Look through the data below for the line with "Image of Udefineit" and the line with "Caneca De Café", then output those two and all lines in between, exactly as written.

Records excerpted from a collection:
--- START ---

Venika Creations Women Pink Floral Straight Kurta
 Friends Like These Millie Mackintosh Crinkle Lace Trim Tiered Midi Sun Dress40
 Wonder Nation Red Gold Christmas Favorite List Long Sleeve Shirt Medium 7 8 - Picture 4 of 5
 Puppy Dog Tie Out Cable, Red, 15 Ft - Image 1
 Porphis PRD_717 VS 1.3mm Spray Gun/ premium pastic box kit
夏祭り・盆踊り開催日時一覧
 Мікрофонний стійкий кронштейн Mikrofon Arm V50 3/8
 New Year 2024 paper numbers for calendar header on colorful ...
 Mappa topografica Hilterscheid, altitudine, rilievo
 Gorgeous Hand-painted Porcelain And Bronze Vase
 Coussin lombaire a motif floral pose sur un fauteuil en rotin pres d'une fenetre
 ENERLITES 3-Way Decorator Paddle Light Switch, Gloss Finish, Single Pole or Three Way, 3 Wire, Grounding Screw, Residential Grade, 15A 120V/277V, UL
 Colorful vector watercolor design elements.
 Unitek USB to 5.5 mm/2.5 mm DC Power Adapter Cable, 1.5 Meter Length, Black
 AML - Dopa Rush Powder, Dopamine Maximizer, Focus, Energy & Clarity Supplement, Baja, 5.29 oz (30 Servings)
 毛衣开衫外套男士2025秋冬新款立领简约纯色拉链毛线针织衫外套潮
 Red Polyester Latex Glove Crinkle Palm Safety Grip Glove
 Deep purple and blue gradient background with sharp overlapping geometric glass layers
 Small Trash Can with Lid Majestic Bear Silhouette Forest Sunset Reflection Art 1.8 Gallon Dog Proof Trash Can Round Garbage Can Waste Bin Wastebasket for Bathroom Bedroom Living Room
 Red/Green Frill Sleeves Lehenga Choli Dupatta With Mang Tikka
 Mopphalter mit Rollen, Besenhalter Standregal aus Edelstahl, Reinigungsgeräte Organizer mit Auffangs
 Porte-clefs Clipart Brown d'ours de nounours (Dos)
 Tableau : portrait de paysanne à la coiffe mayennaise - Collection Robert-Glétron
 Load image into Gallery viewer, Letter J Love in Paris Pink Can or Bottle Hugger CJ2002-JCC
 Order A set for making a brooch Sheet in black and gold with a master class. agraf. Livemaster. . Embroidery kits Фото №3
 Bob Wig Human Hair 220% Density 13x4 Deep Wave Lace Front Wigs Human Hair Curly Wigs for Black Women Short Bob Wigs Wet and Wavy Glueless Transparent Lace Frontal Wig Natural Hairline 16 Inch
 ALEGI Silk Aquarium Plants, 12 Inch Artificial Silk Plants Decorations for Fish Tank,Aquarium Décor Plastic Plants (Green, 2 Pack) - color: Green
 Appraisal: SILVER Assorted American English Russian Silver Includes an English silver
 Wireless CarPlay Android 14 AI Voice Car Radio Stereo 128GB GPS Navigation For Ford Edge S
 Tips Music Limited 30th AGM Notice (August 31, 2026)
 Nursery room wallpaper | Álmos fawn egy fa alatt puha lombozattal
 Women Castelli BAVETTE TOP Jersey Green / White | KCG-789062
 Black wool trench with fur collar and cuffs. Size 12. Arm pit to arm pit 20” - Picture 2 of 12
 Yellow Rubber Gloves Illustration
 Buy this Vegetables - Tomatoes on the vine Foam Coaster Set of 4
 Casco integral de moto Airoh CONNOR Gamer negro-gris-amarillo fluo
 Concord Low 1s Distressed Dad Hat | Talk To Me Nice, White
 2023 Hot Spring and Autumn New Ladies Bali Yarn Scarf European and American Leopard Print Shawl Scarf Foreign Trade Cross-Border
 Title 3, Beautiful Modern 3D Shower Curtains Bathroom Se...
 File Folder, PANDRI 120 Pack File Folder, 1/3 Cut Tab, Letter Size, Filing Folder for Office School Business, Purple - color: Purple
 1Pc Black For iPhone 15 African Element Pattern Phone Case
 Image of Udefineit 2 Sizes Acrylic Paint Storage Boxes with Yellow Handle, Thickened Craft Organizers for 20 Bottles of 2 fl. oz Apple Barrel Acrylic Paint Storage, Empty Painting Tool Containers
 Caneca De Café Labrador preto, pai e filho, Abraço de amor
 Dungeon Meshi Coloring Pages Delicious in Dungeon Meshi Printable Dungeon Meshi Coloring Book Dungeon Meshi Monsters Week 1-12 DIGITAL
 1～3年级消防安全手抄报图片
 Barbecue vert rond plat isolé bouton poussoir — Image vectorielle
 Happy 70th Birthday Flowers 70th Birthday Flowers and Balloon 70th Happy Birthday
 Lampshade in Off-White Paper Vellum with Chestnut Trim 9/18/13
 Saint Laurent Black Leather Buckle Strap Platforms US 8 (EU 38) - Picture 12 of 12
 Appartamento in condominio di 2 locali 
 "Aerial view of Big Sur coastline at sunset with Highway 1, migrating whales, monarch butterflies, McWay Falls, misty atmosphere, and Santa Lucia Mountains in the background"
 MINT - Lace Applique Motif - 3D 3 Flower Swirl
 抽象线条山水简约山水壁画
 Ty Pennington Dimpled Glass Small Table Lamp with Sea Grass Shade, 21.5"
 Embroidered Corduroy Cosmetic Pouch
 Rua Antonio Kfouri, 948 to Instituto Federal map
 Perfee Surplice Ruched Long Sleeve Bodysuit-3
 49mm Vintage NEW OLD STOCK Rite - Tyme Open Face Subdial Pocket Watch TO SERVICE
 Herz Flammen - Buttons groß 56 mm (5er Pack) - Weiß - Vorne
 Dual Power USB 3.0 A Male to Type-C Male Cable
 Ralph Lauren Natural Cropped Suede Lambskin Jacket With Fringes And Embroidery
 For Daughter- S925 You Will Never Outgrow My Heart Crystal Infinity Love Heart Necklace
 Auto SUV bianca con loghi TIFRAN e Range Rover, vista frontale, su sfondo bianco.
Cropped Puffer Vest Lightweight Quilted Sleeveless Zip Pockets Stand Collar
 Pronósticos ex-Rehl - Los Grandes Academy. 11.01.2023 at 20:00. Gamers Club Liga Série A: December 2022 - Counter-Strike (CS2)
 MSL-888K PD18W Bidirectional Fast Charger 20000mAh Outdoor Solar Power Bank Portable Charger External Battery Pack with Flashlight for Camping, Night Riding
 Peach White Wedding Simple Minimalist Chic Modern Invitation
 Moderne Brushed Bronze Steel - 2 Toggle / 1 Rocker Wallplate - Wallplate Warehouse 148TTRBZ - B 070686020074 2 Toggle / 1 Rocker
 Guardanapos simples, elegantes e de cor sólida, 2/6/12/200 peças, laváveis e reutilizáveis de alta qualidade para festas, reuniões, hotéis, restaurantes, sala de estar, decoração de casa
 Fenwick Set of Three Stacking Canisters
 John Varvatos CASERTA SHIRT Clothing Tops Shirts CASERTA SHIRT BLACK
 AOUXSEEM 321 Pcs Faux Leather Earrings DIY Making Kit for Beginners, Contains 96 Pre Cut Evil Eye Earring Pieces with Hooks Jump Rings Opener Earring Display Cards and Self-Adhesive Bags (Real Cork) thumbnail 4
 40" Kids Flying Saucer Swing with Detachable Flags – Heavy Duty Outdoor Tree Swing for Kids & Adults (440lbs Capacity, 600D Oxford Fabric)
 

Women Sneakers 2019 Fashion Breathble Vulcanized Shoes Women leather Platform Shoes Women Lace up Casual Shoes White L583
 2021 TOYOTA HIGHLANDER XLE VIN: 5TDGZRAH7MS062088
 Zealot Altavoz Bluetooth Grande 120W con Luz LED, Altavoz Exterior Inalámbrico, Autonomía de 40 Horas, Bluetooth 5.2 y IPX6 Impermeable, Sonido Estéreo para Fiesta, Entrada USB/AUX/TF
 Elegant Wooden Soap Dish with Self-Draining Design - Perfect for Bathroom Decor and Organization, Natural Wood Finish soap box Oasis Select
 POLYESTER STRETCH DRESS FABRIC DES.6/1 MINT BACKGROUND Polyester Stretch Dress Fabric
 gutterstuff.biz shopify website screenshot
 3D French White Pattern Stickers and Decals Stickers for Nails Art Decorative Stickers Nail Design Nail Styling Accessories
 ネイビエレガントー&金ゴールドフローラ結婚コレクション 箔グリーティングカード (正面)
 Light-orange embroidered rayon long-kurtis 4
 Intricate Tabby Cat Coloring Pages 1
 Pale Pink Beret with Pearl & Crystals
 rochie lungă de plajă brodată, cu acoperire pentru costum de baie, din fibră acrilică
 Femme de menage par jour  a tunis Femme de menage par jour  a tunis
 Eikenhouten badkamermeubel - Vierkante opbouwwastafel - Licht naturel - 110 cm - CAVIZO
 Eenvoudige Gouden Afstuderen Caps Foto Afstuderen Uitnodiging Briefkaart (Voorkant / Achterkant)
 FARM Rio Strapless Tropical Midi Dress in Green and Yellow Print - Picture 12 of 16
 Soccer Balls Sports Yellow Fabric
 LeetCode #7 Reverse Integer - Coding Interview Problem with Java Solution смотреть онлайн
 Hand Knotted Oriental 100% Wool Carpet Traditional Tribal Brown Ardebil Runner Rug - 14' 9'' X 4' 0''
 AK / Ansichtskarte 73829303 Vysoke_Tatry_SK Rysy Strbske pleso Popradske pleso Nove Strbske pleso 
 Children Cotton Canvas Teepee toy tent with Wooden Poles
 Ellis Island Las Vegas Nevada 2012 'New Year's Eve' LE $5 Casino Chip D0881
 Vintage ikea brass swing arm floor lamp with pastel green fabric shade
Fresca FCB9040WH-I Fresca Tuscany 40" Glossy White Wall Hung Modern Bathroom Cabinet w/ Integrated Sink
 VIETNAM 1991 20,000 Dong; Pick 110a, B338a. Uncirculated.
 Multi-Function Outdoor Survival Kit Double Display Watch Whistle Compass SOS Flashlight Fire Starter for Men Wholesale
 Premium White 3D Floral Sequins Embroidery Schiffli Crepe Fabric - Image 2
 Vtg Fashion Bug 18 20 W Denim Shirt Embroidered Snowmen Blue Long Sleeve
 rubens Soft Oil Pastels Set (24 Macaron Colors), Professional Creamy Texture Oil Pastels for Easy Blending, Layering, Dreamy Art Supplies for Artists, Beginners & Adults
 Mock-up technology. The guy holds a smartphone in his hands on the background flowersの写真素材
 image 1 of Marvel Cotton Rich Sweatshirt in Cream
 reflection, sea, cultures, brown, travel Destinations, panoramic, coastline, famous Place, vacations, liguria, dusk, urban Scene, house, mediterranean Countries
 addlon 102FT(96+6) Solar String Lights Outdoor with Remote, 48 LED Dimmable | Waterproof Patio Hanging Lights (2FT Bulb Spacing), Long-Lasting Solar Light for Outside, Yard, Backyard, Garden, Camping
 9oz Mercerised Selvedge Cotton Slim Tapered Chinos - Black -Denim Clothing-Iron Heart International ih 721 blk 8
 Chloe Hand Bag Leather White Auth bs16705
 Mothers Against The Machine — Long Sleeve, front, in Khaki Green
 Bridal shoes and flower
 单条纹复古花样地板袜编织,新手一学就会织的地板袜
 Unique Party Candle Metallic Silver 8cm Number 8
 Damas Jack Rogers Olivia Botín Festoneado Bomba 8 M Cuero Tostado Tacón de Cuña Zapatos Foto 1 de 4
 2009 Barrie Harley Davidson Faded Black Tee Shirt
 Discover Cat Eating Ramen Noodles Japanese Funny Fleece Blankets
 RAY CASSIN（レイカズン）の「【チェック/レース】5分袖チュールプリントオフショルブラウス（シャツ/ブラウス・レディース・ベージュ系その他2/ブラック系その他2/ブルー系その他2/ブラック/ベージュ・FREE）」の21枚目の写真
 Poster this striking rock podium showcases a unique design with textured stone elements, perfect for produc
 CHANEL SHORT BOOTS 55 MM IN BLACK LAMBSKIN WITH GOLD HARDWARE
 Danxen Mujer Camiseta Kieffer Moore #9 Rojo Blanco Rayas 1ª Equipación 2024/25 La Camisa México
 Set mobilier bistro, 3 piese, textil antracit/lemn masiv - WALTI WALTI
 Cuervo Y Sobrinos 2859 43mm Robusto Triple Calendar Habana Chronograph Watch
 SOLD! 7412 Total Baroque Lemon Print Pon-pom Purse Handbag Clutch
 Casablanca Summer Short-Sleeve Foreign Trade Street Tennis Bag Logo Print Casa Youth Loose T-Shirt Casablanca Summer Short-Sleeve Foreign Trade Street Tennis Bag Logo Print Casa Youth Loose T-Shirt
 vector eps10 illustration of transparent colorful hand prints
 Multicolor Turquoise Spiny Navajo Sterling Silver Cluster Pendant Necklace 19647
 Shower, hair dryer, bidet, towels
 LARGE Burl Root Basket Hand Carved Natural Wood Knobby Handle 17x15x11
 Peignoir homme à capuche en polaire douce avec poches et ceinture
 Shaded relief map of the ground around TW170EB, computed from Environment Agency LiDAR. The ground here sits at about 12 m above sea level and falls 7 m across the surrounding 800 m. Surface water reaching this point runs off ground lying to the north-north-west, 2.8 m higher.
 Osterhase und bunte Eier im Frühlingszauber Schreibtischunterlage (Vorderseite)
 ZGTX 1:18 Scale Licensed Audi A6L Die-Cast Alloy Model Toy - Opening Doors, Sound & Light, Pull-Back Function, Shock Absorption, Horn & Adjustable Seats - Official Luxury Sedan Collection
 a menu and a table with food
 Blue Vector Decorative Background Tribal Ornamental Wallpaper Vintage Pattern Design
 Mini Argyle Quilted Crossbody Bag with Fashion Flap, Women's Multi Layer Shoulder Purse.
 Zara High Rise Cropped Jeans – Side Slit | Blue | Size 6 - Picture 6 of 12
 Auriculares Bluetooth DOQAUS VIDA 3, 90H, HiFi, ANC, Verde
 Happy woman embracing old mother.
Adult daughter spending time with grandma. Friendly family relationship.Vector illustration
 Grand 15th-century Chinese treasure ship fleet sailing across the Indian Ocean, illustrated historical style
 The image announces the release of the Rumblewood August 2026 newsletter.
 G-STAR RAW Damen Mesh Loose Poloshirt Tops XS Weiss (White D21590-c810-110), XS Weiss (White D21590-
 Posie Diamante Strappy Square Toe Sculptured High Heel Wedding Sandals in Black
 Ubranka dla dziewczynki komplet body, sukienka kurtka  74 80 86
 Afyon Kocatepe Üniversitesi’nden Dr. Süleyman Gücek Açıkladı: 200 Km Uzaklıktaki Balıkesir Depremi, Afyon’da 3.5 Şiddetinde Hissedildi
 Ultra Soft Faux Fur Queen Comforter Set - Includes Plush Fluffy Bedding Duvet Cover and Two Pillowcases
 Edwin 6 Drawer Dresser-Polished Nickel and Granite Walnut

--- END ---

:: Task solution ::
 Image of Udefineit 2 Sizes Acrylic Paint Storage Boxes with Yellow Handle, Thickened Craft Organizers for 20 Bottles of 2 fl. oz Apple Barrel Acrylic Paint Storage, Empty Painting Tool Containers
 Caneca De Café Labrador preto, pai e filho, Abraço de amor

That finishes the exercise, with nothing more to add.